Excerpted records below:

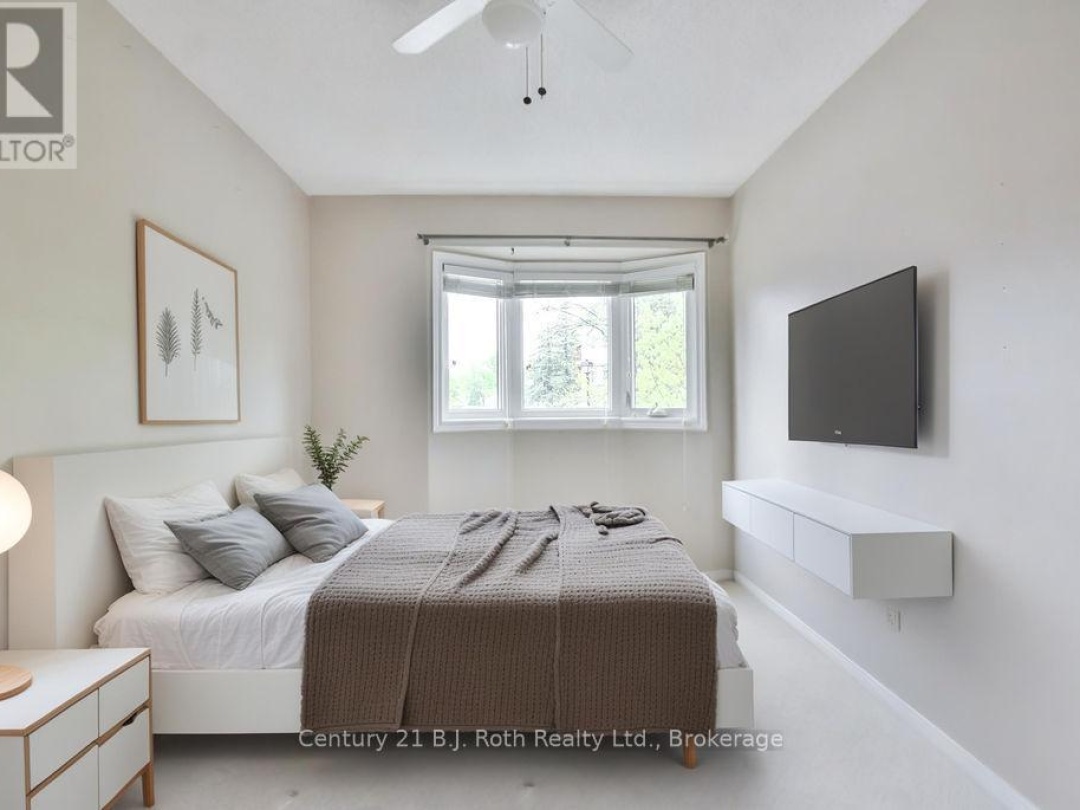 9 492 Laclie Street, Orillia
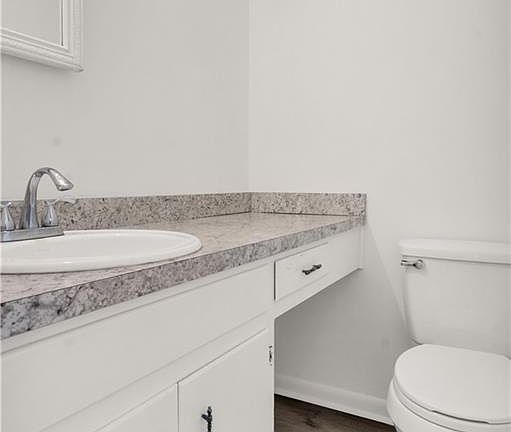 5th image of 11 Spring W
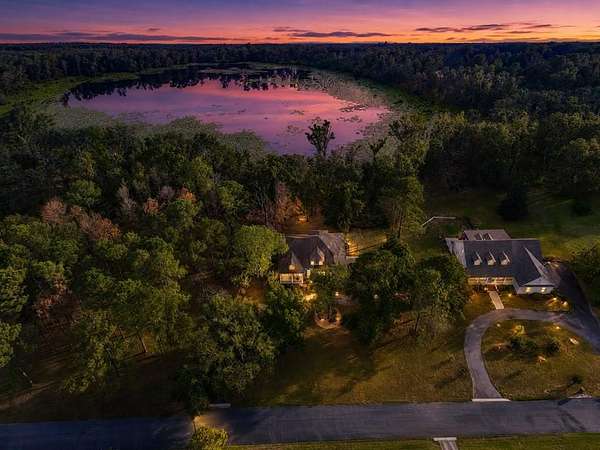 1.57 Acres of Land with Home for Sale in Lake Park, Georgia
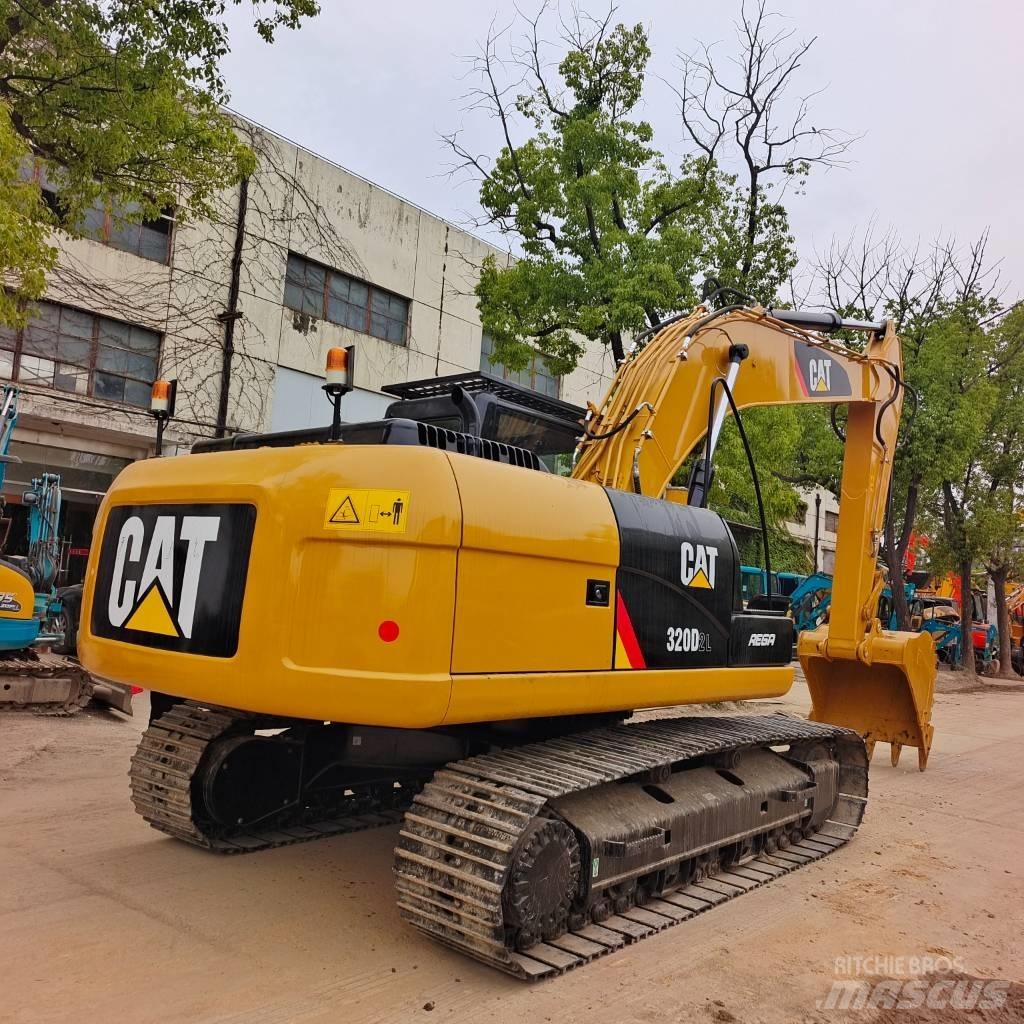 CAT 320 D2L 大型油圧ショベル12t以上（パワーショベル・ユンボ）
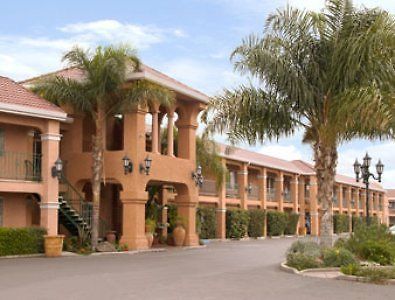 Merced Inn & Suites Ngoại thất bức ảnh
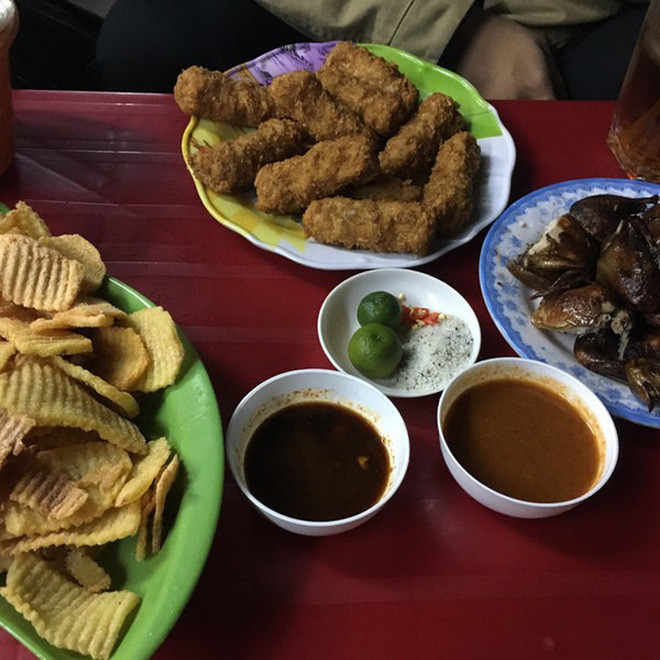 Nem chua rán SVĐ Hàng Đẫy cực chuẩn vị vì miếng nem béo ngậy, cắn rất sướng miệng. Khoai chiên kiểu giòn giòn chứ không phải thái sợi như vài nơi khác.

End of Excerpted records.
Excerpted records below:

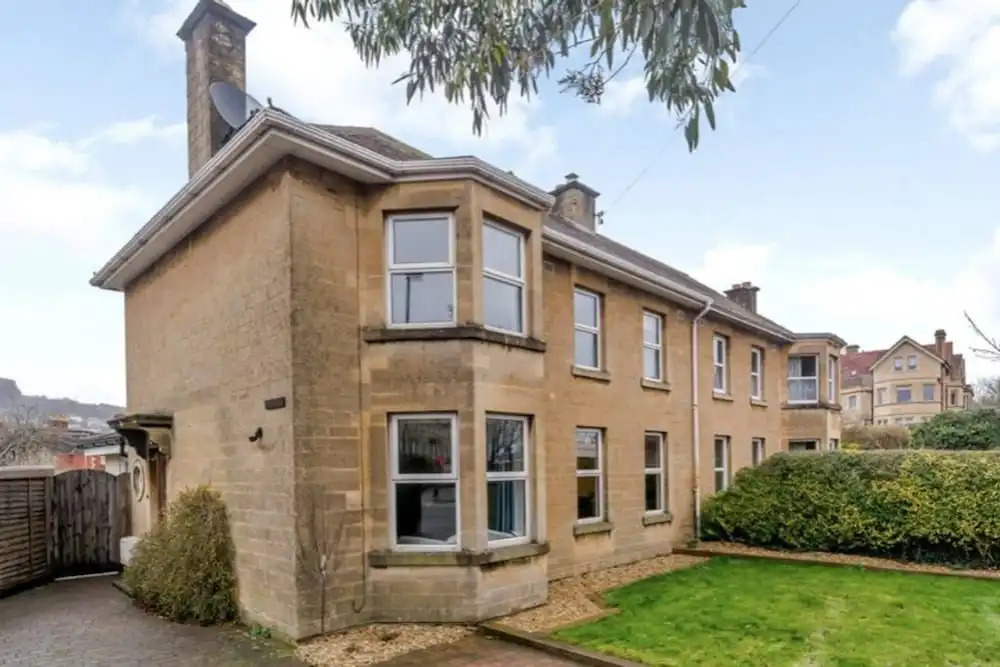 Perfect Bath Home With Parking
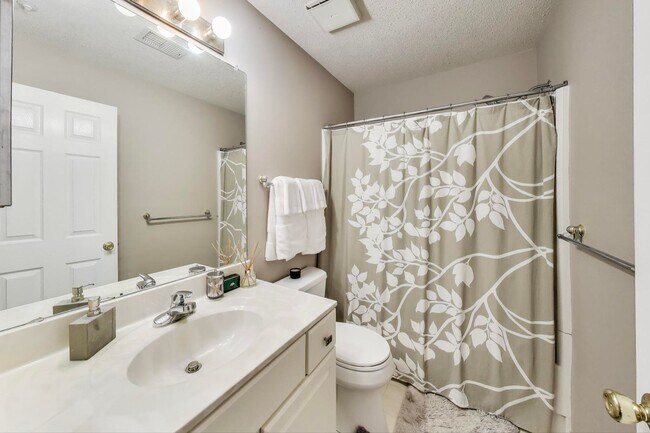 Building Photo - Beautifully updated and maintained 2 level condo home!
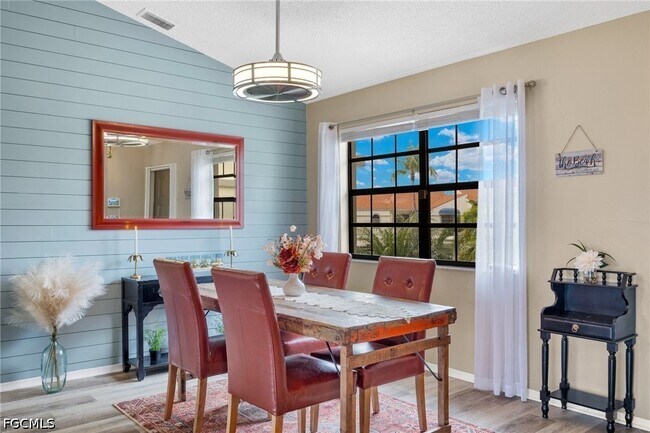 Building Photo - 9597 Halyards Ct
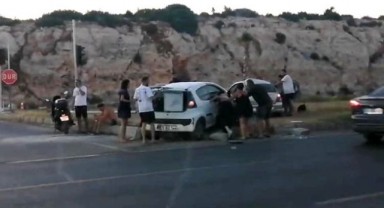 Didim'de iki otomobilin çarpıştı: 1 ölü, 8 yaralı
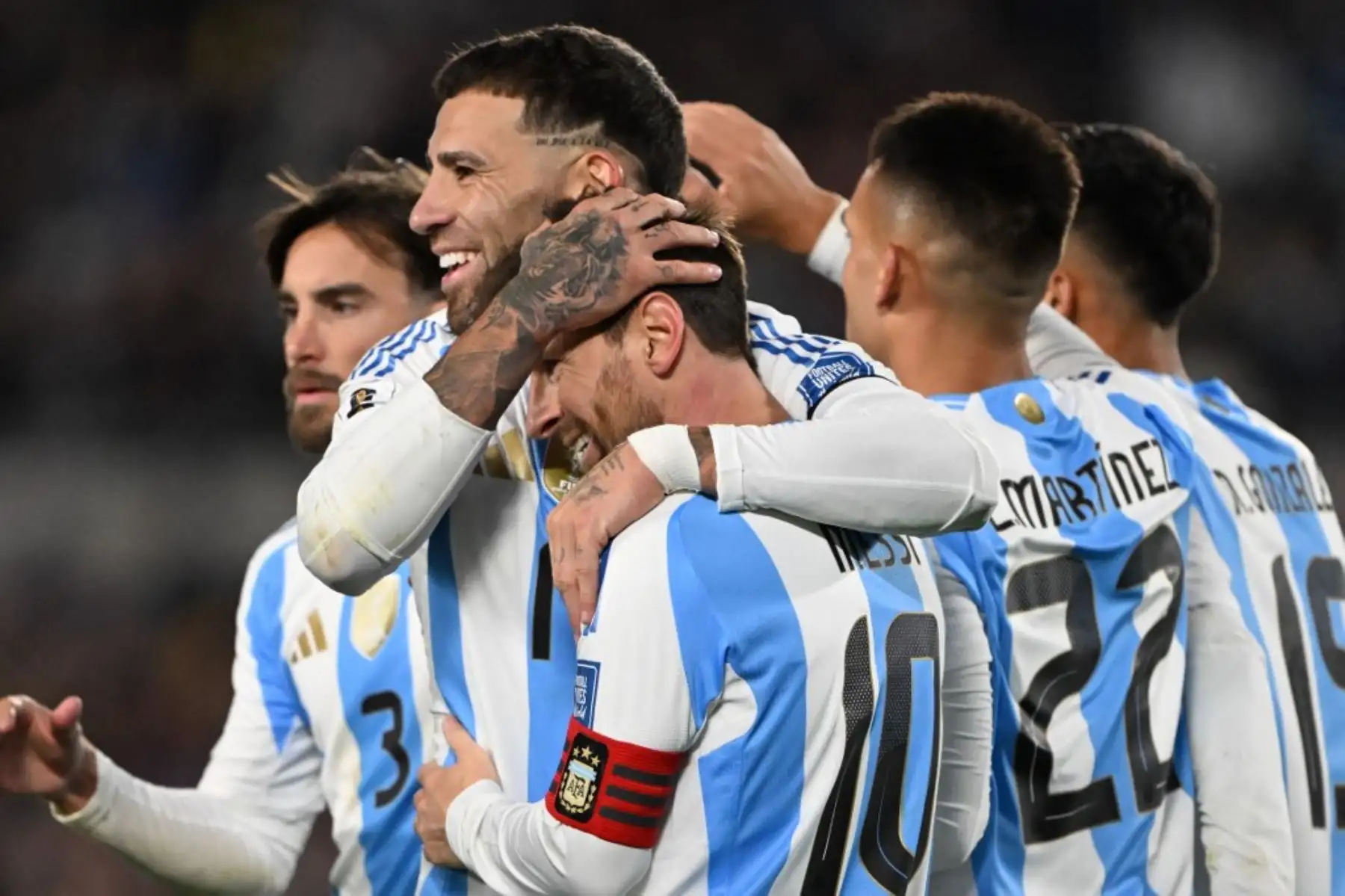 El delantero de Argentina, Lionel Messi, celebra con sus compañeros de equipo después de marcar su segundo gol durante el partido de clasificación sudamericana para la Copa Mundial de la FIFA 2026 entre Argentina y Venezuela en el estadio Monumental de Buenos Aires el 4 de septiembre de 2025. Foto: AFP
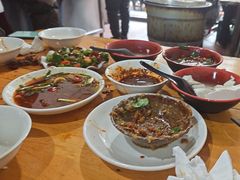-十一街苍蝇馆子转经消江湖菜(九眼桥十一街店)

End of Excerpted records.

* Work request
Output exactly the lines of the listing above that start with the one holding "Perfect Bath Home With Parking" and go on through the one holding "-十一街苍蝇馆子转经消江湖菜(九眼桥十一街店)"; leave the pictures out.

* Result
 Perfect Bath Home With Parking
 Building Photo - Beautifully updated and maintained 2 level condo home!
 Building Photo - 9597 Halyards Ct
 Didim'de iki otomobilin çarpıştı: 1 ölü, 8 yaralı
 El delantero de Argentina, Lionel Messi, celebra con sus compañeros de equipo después de marcar su segundo gol durante el partido de clasificación sudamericana para la Copa Mundial de la FIFA 2026 entre Argentina y Venezuela en el estadio Monumental de Buenos Aires el 4 de septiembre de 2025. Foto: AFP
-十一街苍蝇馆子转经消江湖菜(九眼桥十一街店)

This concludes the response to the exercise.